Same amount of memory. Yea those will work together. It's also not difficult to match the non classified to the other one.
 
my suggestion is get the same as ya have now as in sli both cards will run at the lowest one. so why buy bigger better (unless you plan on changing it later) and have it down clocked
 
I didn't know the other would be down clocked. I might pitch in the extra $10 and see if I get a second for christmas XD

I'll give it some more thought either way.
 
Get the identical one. There is no point getting 100MHz faster card, selling the slower one later on to get another one... Too complicated. By the time your 570's will not be powerful enough, there will be a new generation of Nvidia cards anyway.
 
Hi,

Due to buying my first GTX 570 (a Palit) at launch and the 2nd one (an Inno3D Card) second hand here, my cards, while both running the same core speed, are different revisions. This means the newer card is shorter, different layout different cooler etc. yet both play very nicely together.

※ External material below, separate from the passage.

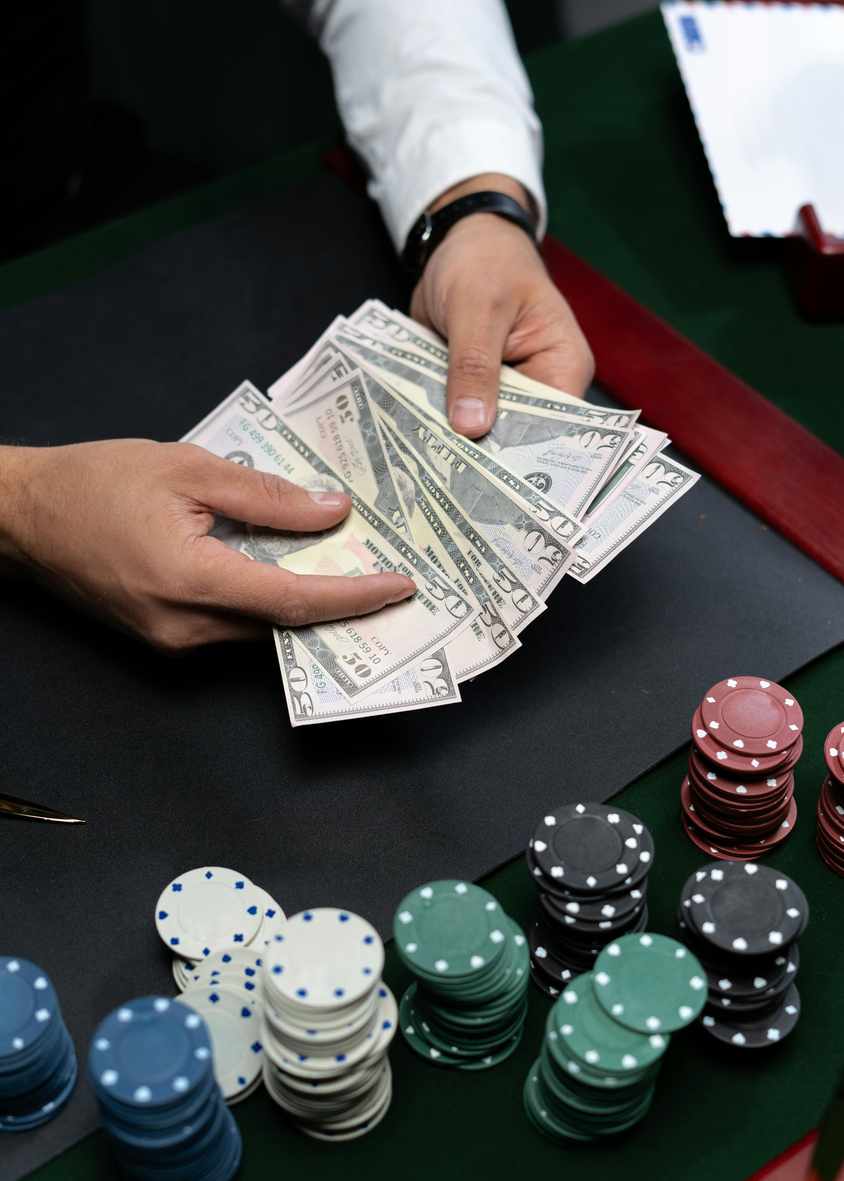Politique de Confidentialité Cbet Casino : Guide Complet sur la Protection de vos Données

IF you were to get a pair of cards that were clocked differently then it should revert to the speed of the slower card. Still, using Afterburner it's easy to set clocks etc. on each card. Once installed, and you enable SLI in the drivers, it will apply an SLI profile to every game you have installed - well it did for me. Everything so far has worked well - the one exception being the rather buggy RAGE which is an OpenGL rather than DirectX game and, while you can force it, actually plays SLOWER (MUCH) with SLI enabled. A viable option here is to let card 1 handle the rendering and let card 2 handle the AA...works very well and both cards are equally loaded during gameplay.

One thing to be aware of...the SLI bridge connector is usually supplied with SLI capable motherboards, you DON'T usually get them with the cards...

Best of luck.

Scoob.
 
It's OK. I have different factory clocks with my 480's and they've been fine running at different clocks in SLI. Most of the time I have them set at equal speeds with MSI Afterburner. I guess the motherboard quality is a big player in this, to regulate the data flow, or the CPU has PCI bus's built in maby.